This is already happening. Ice caps are melting13 and sea levels are rising so drastically that island nations are going under.14 In 2014, we saw chart-topping temperatures,15 unprecedented droughts16 and deadly wildfires.17 Meanwhile, temperature rise is contributing to what scientists call the sixth mass extinction. Nearly half the world’s species could be either extinct or teetering on the edge by 2050.18

~Two Degrees

The Copenhagen Accord, an agreement signed by world leaders in 2009, set a cap of two degrees Celsius average global temperature rise.19 Then, scientists estimated that industrialization had already caused an average bump of .8 degrees, which had already melted one-third of the Arctic’s summer ice and made oceans 30 percent more acidic. Two degrees was a scarily high target according to two leading climatologists, James Hansen of NASA and Kerry Emanuel of MIT, who predicted that it could churn up wetter, stronger, deadlier hurricanes and obliterate low- lying island nations and most of Africa.20

Now, however, two degrees is looking more and more unattainable.
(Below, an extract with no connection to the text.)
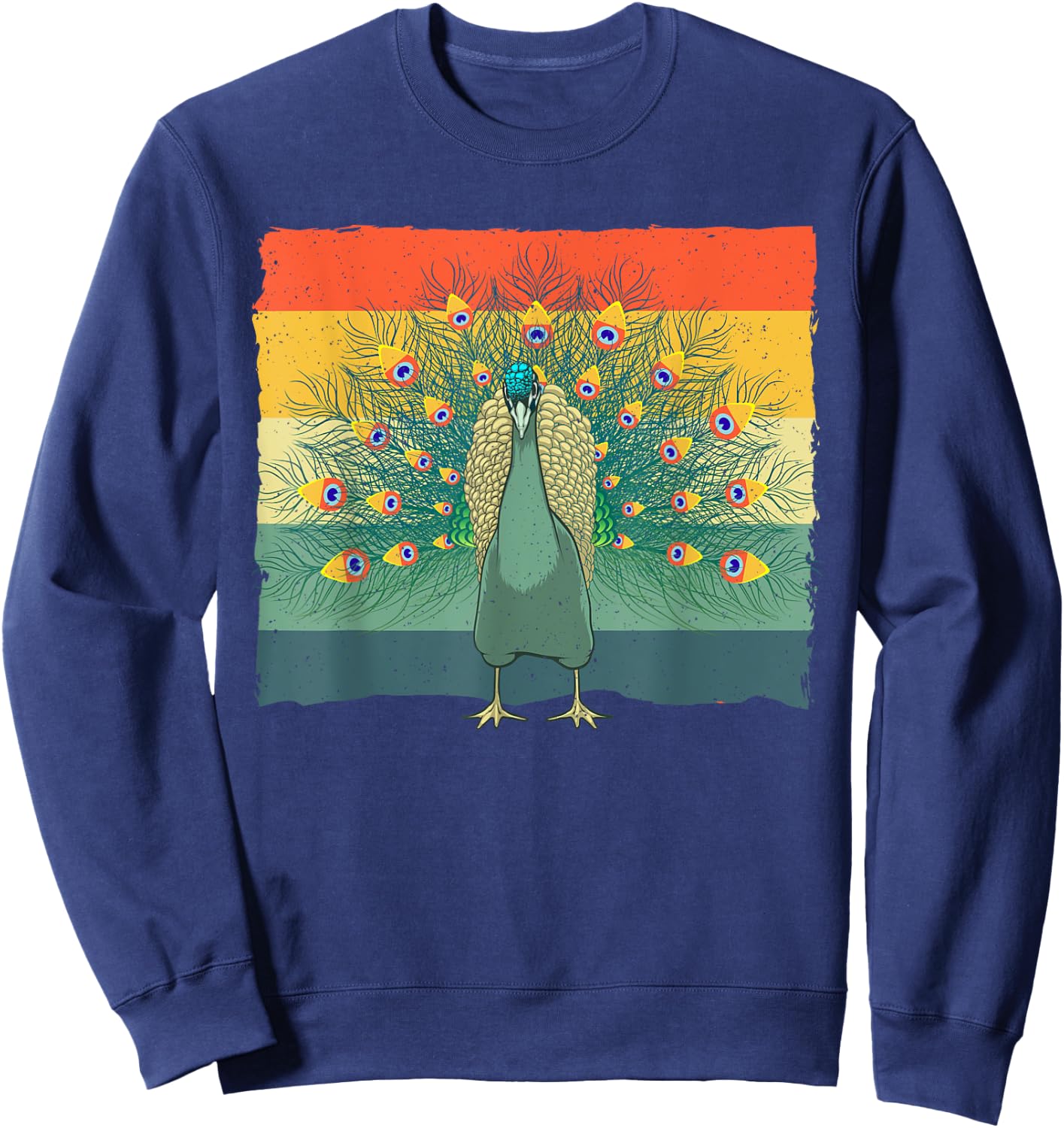 Cool Peacock Design Women Kids Vintage Peacock Lover Sweatshirt - Sweatshirt | Navy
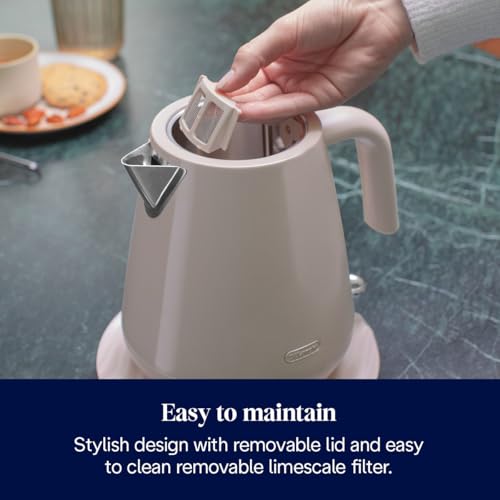 De'Longhi Eclettica 1.7L Rapid Boil Electric Kettle, Customizable Design, Anti Scale Filter, Stainless Steel, Beige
If nothing changes, we are on a path to warm the earth’s average temperature by about 5 degrees Celsius by the century’s end.21 Again, all of the changes that scientists have so far linked to warming — the drought that depleted Syrian crops 75 percent between 2006 and 2011;22 Hurricane Haiyan in the Philippines23 — came from less than one degree.

One of the scariest things climate models show are feedback loops that accelerate warming. As Arctic ice disappears, less white landmass will reflect light and heat back into space, less vegetation will soak up CO2 and Arctic permafrost will melt, pooling in wetlands that burp bubbles of methane. Scientists worry that we could reach a tipping point from all these chains upon chains of reactions, when our atmosphere’s accelerated warming could become irreversible.24

~ Carbon Budget

In 2009, the UN set a “carbon budget” — the amount of CO2 that can still enter the atmosphere before we reach two degrees — at 565 gigatons, which the global economy will hit in about 14 years.25 According to a project called the Carbon Tracker Initiative, the amount of oil and gas that fossil fuel companies have already written into their budgets is 2,795 gigatons: five times our carbon budget.26

In other words, our job right now is to keep most of the reserves we already have in the ground. Those reserves could grow our economy and make powerful corporations even wealthier than they already are. Leaving them untouched will involve both innovation and deep personal sacrifice.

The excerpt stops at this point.